Around 675 b.c. another influx of Phoenicians surged into Carthage, bringing a new style of four-room house typical of the Levant. Apparently, a growing menace from the Assyrians had encouraged many Tyrians to emigrate from the homeland.

"If a group of Assyrian soldiers arrives every year, rapes your wife, and takes your money, you might head west too," says Docter.

During this period the residents moved the original cemetery, replacing it with a huge metalworking site. Docter's team has found remnants of a surprisingly advanced technology. CT scans of ancient bellows reveal they contained intake valves to regulate airflow into the hearths and raise the temperature of the hot iron.
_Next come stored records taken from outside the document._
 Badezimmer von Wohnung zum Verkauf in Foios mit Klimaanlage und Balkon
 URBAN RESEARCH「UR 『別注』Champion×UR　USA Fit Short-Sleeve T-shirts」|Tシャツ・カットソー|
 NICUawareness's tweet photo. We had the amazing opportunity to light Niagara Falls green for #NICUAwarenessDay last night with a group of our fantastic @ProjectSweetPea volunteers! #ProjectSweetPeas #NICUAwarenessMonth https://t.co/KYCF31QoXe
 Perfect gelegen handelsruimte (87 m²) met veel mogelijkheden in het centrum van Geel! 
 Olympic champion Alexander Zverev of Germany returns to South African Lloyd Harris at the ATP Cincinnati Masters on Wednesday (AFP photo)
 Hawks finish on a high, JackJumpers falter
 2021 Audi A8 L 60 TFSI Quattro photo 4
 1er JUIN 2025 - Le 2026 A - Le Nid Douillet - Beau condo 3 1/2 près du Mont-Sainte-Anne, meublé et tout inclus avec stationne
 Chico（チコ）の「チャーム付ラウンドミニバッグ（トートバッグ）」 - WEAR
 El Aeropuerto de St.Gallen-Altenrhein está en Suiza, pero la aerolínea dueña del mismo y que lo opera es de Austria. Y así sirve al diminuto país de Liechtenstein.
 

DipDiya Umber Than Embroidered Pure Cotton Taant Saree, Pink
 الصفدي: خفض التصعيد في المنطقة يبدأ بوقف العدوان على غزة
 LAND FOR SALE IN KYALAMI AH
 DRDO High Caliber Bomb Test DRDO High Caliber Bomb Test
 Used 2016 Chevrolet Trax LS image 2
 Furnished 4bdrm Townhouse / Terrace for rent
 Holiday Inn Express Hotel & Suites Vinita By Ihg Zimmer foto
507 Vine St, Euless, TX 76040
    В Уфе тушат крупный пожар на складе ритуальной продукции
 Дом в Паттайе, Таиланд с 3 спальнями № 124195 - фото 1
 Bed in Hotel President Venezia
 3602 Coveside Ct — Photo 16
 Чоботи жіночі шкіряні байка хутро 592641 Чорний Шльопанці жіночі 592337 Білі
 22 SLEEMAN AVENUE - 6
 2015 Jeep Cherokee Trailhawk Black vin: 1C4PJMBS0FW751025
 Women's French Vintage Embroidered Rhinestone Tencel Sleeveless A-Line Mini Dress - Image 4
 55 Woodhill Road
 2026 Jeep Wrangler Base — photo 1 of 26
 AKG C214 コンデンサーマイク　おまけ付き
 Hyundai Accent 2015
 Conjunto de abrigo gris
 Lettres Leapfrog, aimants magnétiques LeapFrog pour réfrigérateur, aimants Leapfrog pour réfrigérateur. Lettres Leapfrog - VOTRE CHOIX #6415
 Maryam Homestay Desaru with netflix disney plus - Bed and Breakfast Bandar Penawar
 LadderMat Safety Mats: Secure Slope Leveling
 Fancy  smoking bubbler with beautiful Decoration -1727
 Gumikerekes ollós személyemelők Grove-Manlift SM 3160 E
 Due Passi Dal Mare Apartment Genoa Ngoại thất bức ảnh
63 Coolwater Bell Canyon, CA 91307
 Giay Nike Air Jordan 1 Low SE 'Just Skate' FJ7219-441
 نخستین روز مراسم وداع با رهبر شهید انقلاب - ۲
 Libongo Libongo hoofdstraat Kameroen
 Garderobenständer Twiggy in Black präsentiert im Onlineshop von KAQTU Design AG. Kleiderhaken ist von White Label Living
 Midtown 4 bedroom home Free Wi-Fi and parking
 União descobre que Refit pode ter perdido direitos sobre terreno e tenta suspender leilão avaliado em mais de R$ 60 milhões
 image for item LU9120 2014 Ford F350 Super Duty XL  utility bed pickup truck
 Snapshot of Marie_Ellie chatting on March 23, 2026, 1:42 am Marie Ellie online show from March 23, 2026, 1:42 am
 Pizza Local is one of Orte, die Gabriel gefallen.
The Carthaginians were already strengthening their weapons with a metallurgical technology similar to the Bessemer process, which was not developed until the 19th century. Metallurgist Hans Koens of the University of Amsterdam discovered that the Carthaginians in antiquity were adding large amounts of calcium to the metal, a process that chemically strengthens iron.

This past season Docter's research team located the source of that calcium—the shells of the same mollusk, the murex, which yielded the purple dye that gave the Phoenicians their name. Huge amounts of crushed shells, along with basalt grinders and grindstones cover the metalworking site.

But at the end of the fifth century b.c. the metalworking region succumbed to another population surge. As their city exploded in size, the residents built houses over the hearths. The pits at Bir Massouda are revealing the foundations of those homes. The residents by then belonged to a new society, as distinct from its Phoenician founders as North Americans are today from their 17th-century colonial ancestors. They had embraced new variants of the Tyrian gods. But the Carthaginians always retained a Phoenician style. They continued their forefathers' wanderlust with voyages around Africa and perhaps farther.